I was raised in New Jersey, studied journalism in Illinois, and was a newspaper reporter in New York covering courts before attending law school in Massachusetts.
My wife, Libbie, whom I met in college, is a shared services consultant who promotes early childhood care and education; she is also a board director of a foundation for economically disadvantaged children. We have been married since 1980 and live in Westchester County, New York. Our three adult children (Dan, Andy, and Laura) visit periodically as they pursue diverse careers in poetry, statistics, and science journalism—subjects with complexities far beyond my skill and knowledge set and that provide fascinating and animated dinner conversations.
I have been practicing law since 1980 and joined Epstein Becker Green’s Stamford and New York offices in 1993—however, I took a sabbatical between April 2015 and June 2017 to serve as a Peace Corps volunteer in the country of Georgia, a former Soviet Republic in the Caucasus region of Eurasia that declared its independence from Russia in 1991. Georgia has an ancient culture, fascinating history, and diverse natural beauty, although it is a developing country seeking to become more advanced socially and economically with aspirations to join the European Union (E.U.) and NATO. Those aspirations create great tensions with Russia, which occupies two sections of Georgia by wars in 1992 and 2008.
The Peace Corps was established by President Kennedy in 1961, and the Peace Corps in Georgia began in 2001. I offered Georgian lawyers trainings and information about U.S. laws concerning human rights, gender equality and all forms of discrimination, since the courts in Georgia will consider U.S. and E.U. law. I was assigned to a center for children with disabilities to help with its organizational development and, also, to train Georgian youth and college students about human rights, employment skills, and financial literacy. I learned to speak Georgian (intermediate level, not fluent); lived in Gori (Joseph Stalin’s birthplace) and some ancient, primitive villages; worked and lived under circumstances far different from ours here; and made what will be lifelong friendships and relationships during that memorable 26-month, life-changing experience.

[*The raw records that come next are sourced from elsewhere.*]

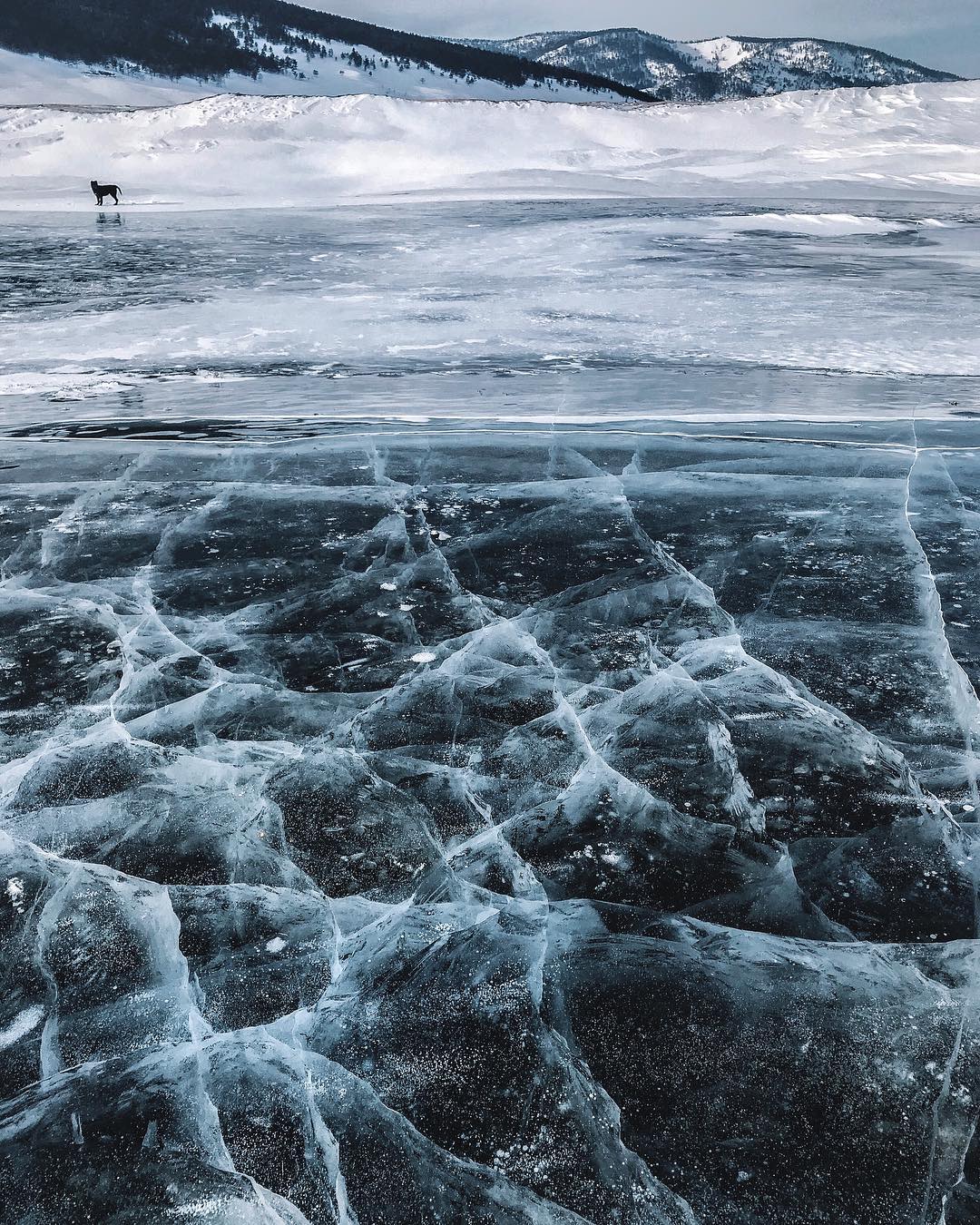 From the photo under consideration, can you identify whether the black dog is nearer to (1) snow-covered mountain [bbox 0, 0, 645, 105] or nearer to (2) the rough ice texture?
(2) the rough ice texture

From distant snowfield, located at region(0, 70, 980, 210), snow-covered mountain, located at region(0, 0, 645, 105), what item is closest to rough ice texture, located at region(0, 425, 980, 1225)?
distant snowfield, located at region(0, 70, 980, 210)

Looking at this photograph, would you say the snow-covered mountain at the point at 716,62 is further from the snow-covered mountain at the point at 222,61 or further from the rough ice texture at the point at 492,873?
the rough ice texture at the point at 492,873

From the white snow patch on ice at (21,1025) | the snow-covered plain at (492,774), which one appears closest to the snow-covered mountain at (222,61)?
the snow-covered plain at (492,774)

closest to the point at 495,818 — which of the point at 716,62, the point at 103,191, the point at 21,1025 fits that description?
the point at 21,1025

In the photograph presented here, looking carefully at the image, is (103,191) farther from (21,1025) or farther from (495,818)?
(21,1025)

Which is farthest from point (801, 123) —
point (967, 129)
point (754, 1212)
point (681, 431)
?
point (754, 1212)

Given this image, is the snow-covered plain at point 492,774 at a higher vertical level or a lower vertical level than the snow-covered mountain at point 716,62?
lower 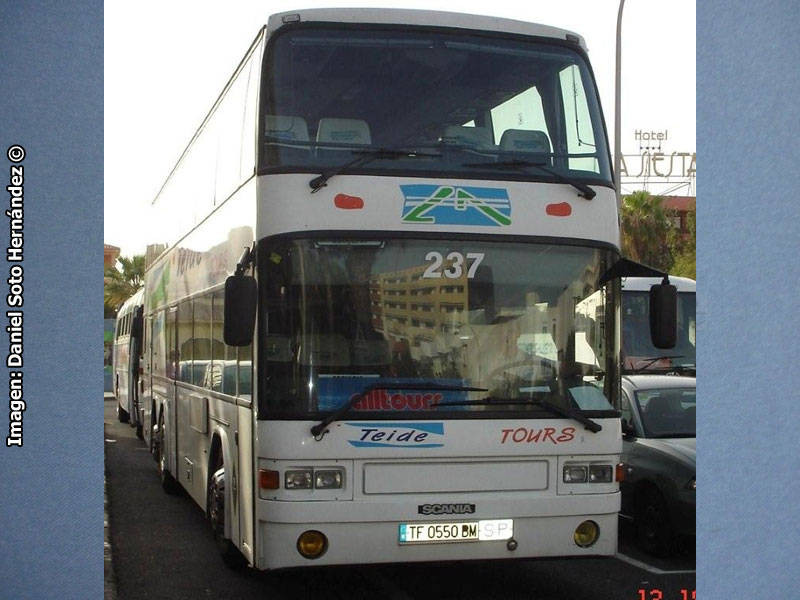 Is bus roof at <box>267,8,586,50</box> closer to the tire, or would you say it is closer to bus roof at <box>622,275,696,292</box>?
the tire

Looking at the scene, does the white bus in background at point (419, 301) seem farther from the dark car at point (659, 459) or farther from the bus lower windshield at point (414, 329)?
the dark car at point (659, 459)

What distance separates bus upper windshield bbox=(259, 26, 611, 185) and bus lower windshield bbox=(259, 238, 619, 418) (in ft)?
1.96

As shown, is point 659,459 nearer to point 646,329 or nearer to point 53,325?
point 53,325

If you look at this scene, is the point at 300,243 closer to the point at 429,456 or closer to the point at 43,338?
the point at 429,456

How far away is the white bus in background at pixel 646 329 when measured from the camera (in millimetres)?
19125

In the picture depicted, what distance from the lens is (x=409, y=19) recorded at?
8844mm

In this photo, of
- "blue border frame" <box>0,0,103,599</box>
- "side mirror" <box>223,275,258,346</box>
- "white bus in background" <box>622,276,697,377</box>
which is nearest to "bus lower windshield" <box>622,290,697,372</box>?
"white bus in background" <box>622,276,697,377</box>

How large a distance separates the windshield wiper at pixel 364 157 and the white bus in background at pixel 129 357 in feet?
54.7

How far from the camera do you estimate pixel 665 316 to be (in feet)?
28.2

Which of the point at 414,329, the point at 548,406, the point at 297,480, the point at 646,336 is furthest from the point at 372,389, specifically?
the point at 646,336

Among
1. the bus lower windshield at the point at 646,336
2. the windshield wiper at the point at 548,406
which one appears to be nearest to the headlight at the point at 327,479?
the windshield wiper at the point at 548,406

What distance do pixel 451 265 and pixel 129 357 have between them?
21.3 meters

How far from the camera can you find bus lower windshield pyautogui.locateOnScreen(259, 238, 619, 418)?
8172 mm
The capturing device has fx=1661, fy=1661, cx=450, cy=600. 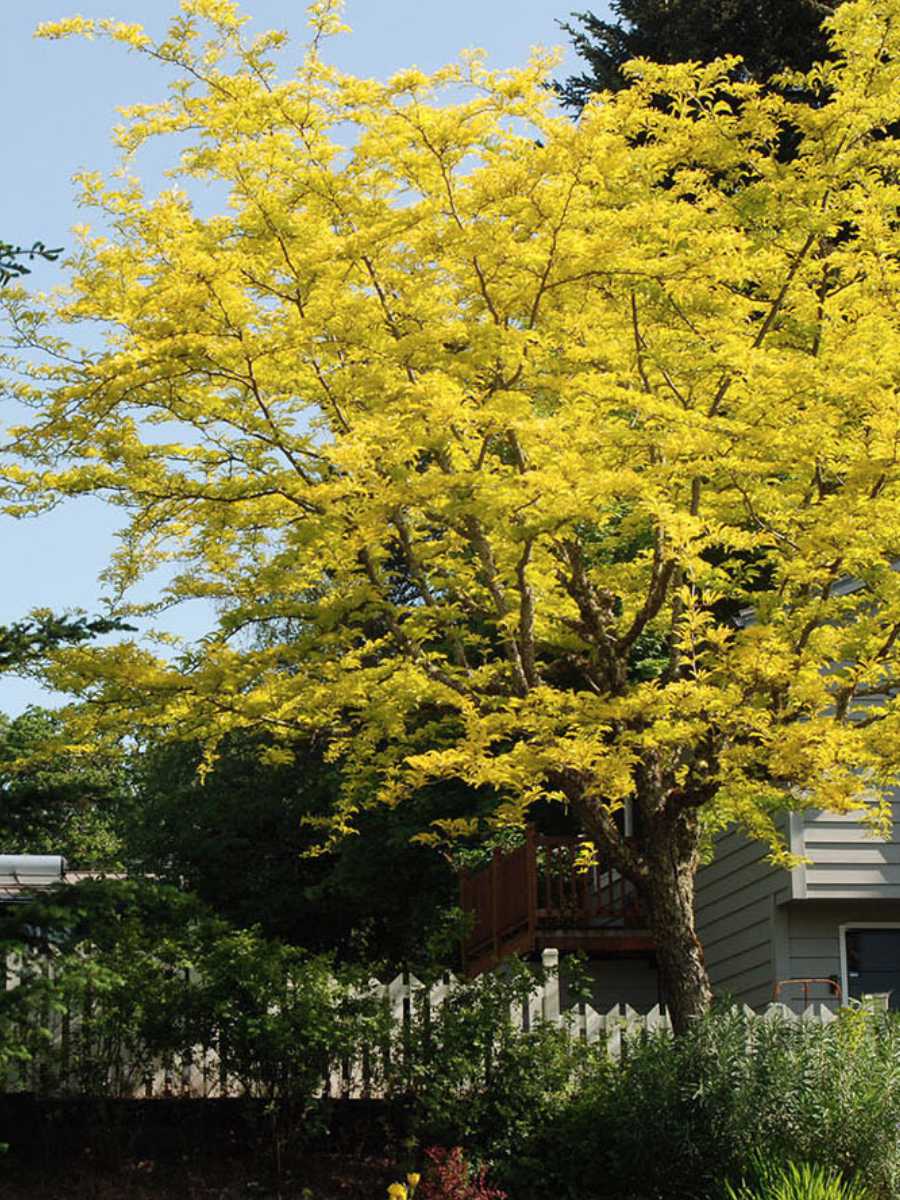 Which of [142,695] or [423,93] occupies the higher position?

Since joining Epstein Becker Green, I have focused on client counseling and litigation encompassing discrimination, restrictive covenants, trade secrets, confidentiality, shareholder and partnership disputes, wage issues, and civil rights violations under the First and Fourteenth Amendments, among many other subjects. I have represented clients in financial services, health care, manufacturing, consumer products, hospitality, marketing, public sector, real estate, and retail, to name a few. I litigated, among other cases, a particularly complicated and hard-fought misappropriation of trade secrets matter involving the engineering and manufacturing of an expensive and unique sensor used to steer supersonic fighter jets and commercial aircraft. Working on that case gave me a keen respect for both the intricacies involved in the engineering and manufacturing of an important and valuable product used worldwide and the business urgency to protect that intellectual property. The case ended in a favorable settlement that afforded our client greatly enhanced business opportunities.
I am fortunate to have stimulating and challenging cases, insightful clients, and top-notch colleagues who have made working at Epstein Becker Green exciting and fun. I have the added pleasure of being in a firm where we work hard, enjoy our collegiality, laugh often, and take great pride in upholding our firm’s highly regarded reputation.